Postby Antithesis » Wed Feb 12, 2020 2:18 am

Fixed Cross wrote:
Antithesis wrote:Stirner and Nietzsche, S&N were similar, in that they both weren't afraid of moral gods, ghosts or ectoplasm,

Not afraid, but N completely rejected morality and moral gods.

Nietzsche was against all morality, he never advocated Master Morality. He just said it existed.

Nietzsche did ethics differently than our Judeo-Christian, liberal-social tradition, in fact he stood that tradition on its head, but he wasn't an ethical nihilist, he didn't do away with ethics altogether, he was an elitistic and individualistic ethical subjectivist.
He believed objectively strong, smart, healthy people would tend to subjectively esteem strong, smart, healthy people, attitudes and behaviors both in others and themselves, as well as those with biopsychological potential to develop themselves into such people.
He was sort of a proto-social Darwinist.

His ethical thinking had both aretaic and consequentialist components.

Not all ethical subjectivists are going to think and feel alike about ethical matters, just as not all ethical objectivists do.

260. In a tour through the many finer and coarser moralities which have hitherto prevailed or still prevail on the earth, I found certain traits recurring regularly together, and connected with one another, until finally two primary types revealed themselves to me, and a radical distinction was brought to light. There is MASTER-MORALITY and SLAVE-MORALITY,—I would at once add, however, that in all higher and mixed civilizations, there are also attempts at the reconciliation of the two moralities, but one finds still oftener the confusion and mutual misunderstanding of them, indeed sometimes their close juxtaposition—even in the same man, within one soul.

Fixed Cross wrote:All morality is anti-Nietzschean.
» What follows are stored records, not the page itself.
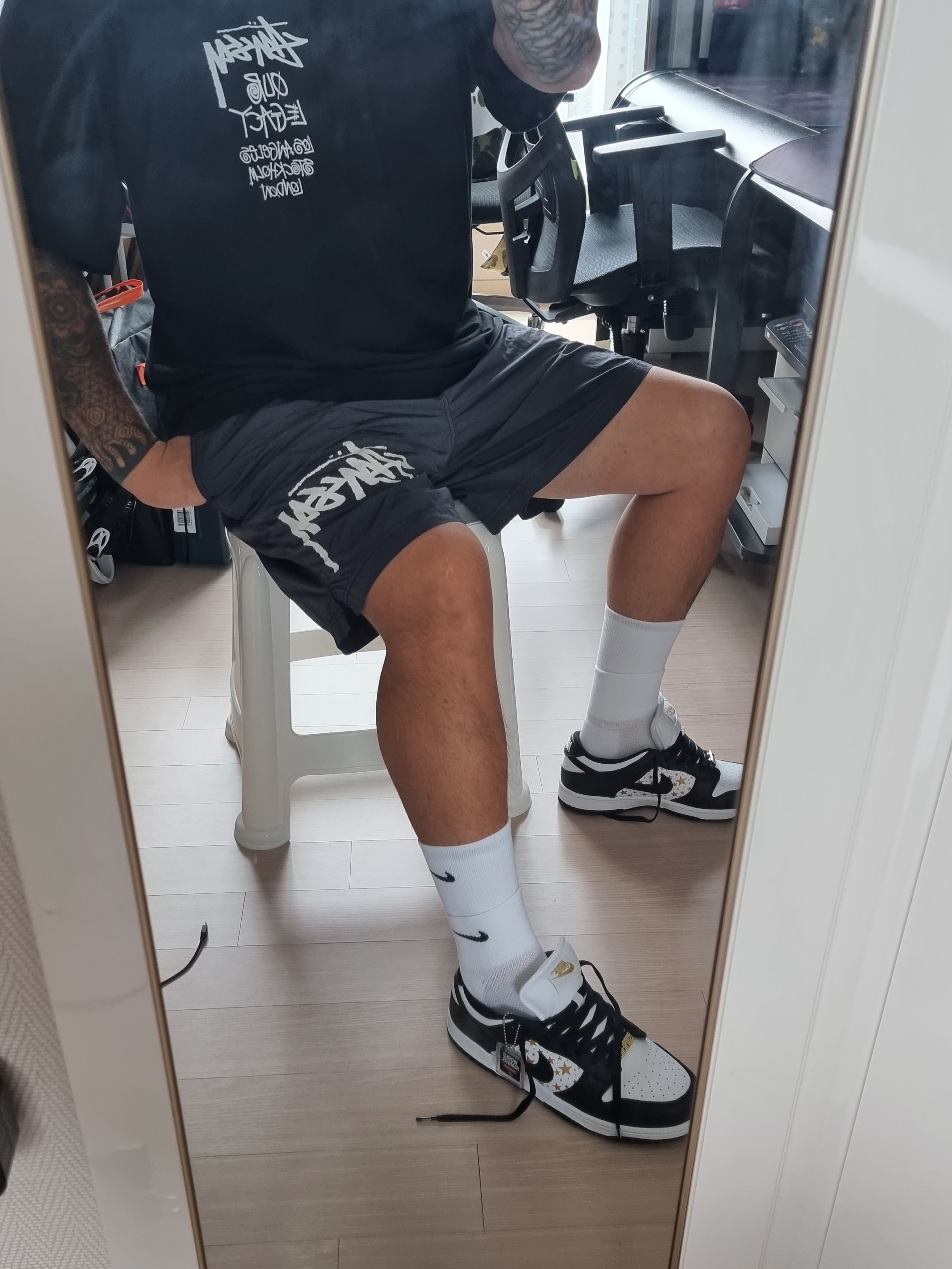 Nike x Supreme SB Dunk Low Black, Nike x Stussy Water Shorts Off Noir 착용 스타일 - 2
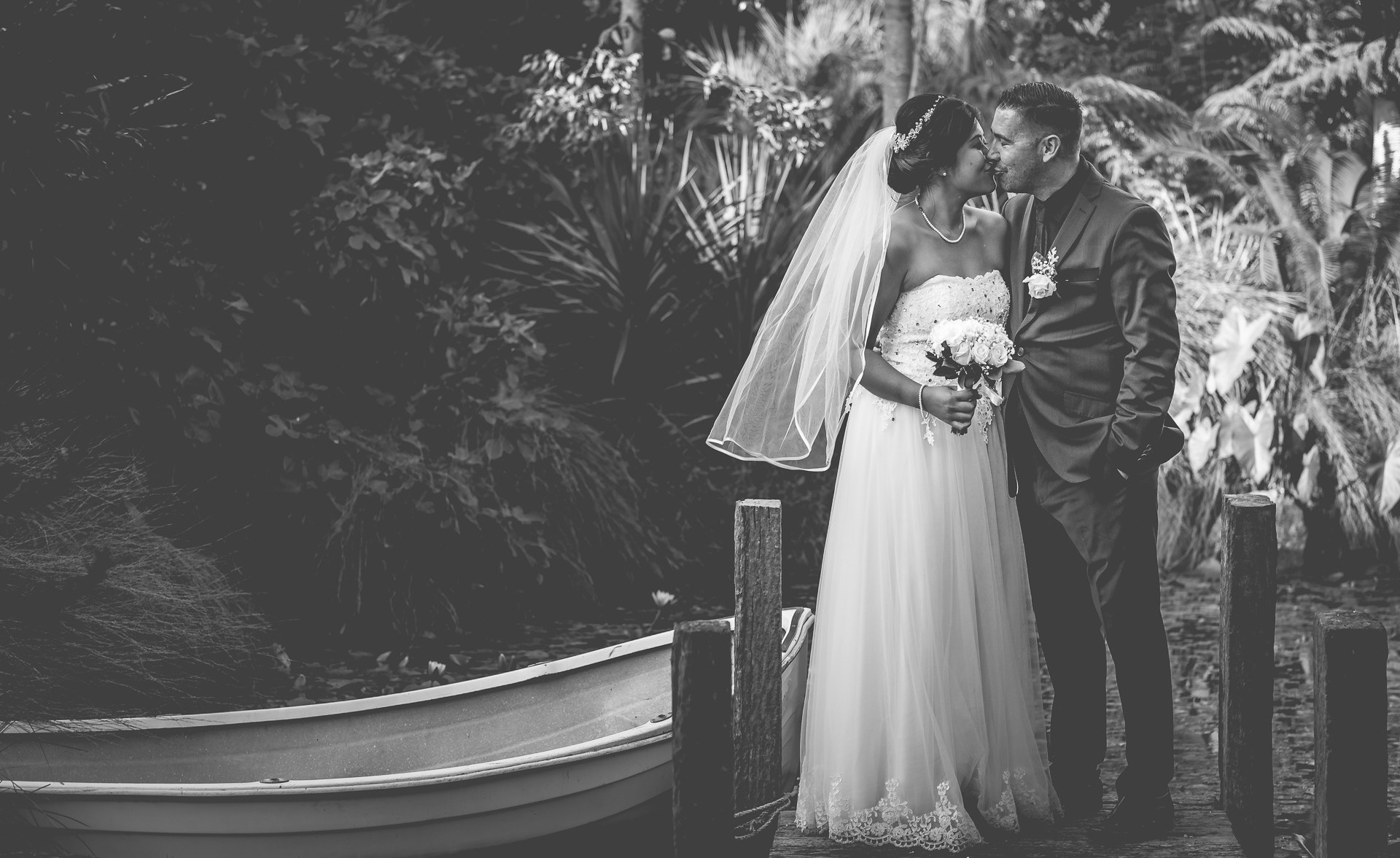 Sony a7R + E 60mm F2.8 sample photo. Karen & hamish photography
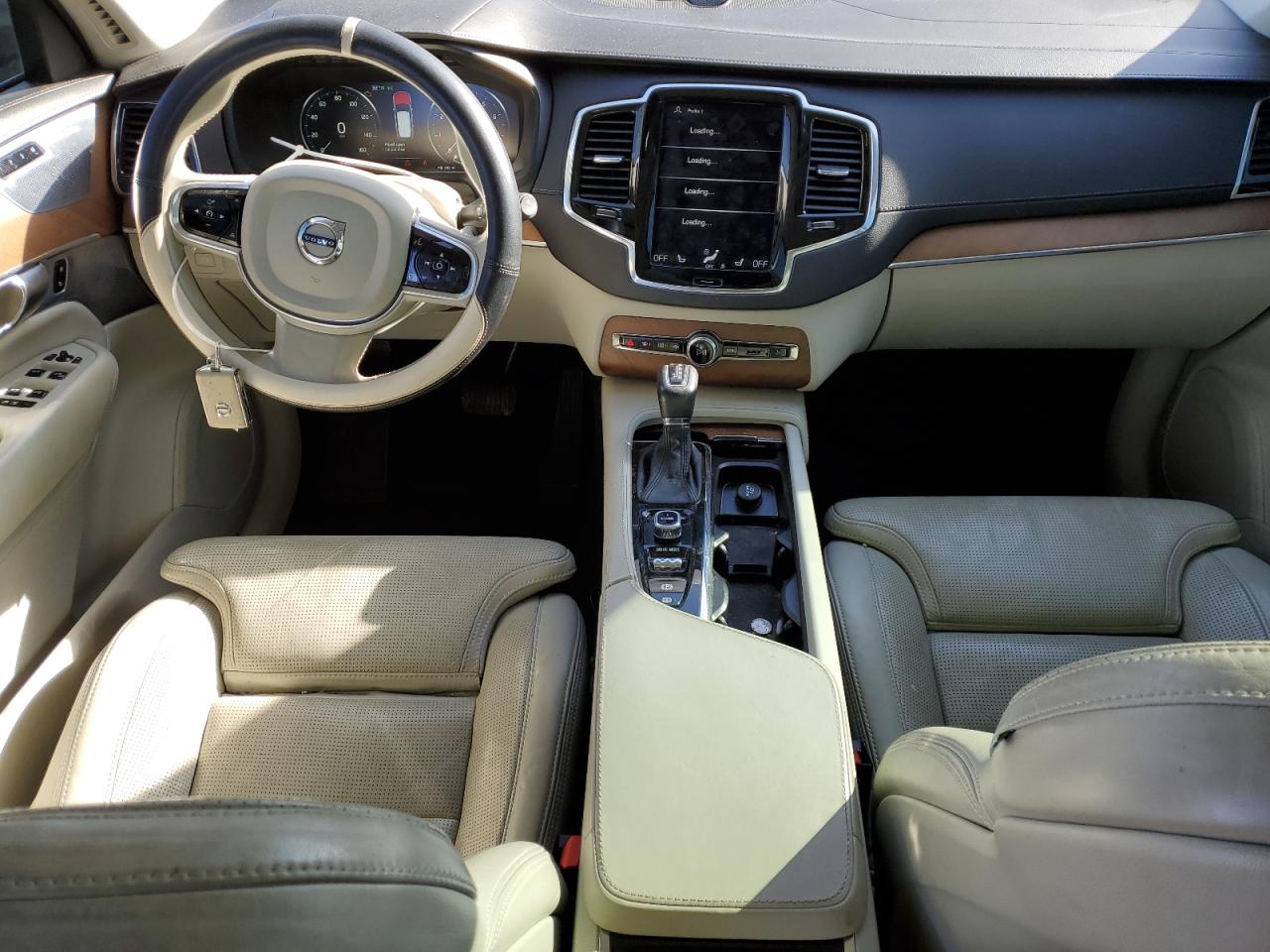 2017 Volvo XC90 VIN YV4A22PL1H1172423 Copart auction photo, front end / side damage thumbnail 8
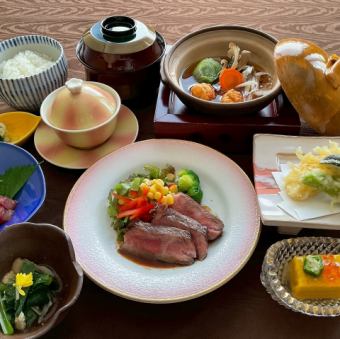 Our recommended [Shunsai Kochou Banquet] 7-course meal featuring beef steak + 2-hour all-you-can-drink course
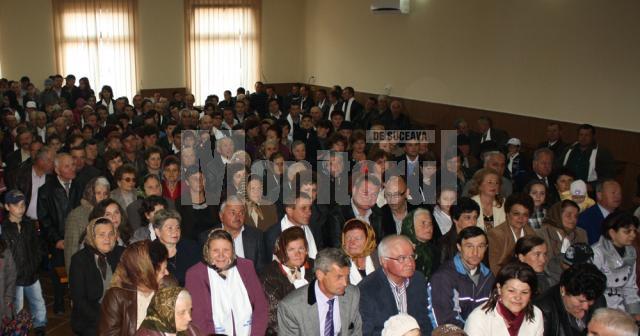 Câteva sute de locuitori ai comunei Sadova au participat la o întâlnire electorală cu preşedintele Consiliului Judeţean Suceava, Gheorghe Flutur, care candidează din partea PDL pentru un nou mandat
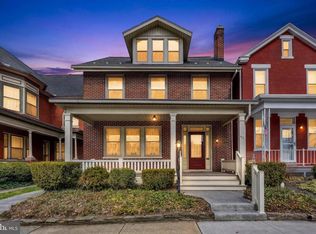 42 Market Sq, Manheim, PA 17545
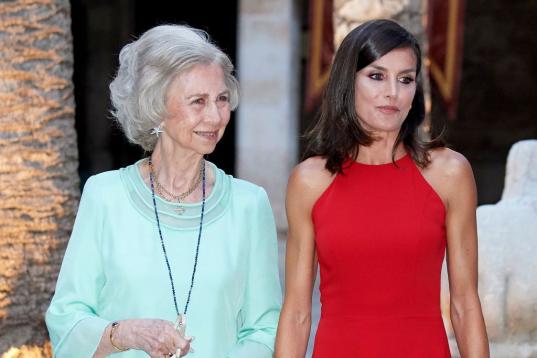 La de 2019 fue la última cena de autoridades que los reyes ofrecieron en el Palacio de La Almudaina de Palma. Vestida con uno de sus colores fetiche, la reina posó relajada junto a su suegra.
N was nuanced, his ethics were broad, dynamic and intricate, but I don't think I'm going out on a limb by saying the gist of his work is elitist.
And, 'higher civilizations'?
That sounds like more ethicizing from N.
I say ethicizing rather than moralizing because I think of ethics as more of an introspective and philosophical approach to valuation N took than the usual impersonal, theistic, objectivist or cultural relativist approach.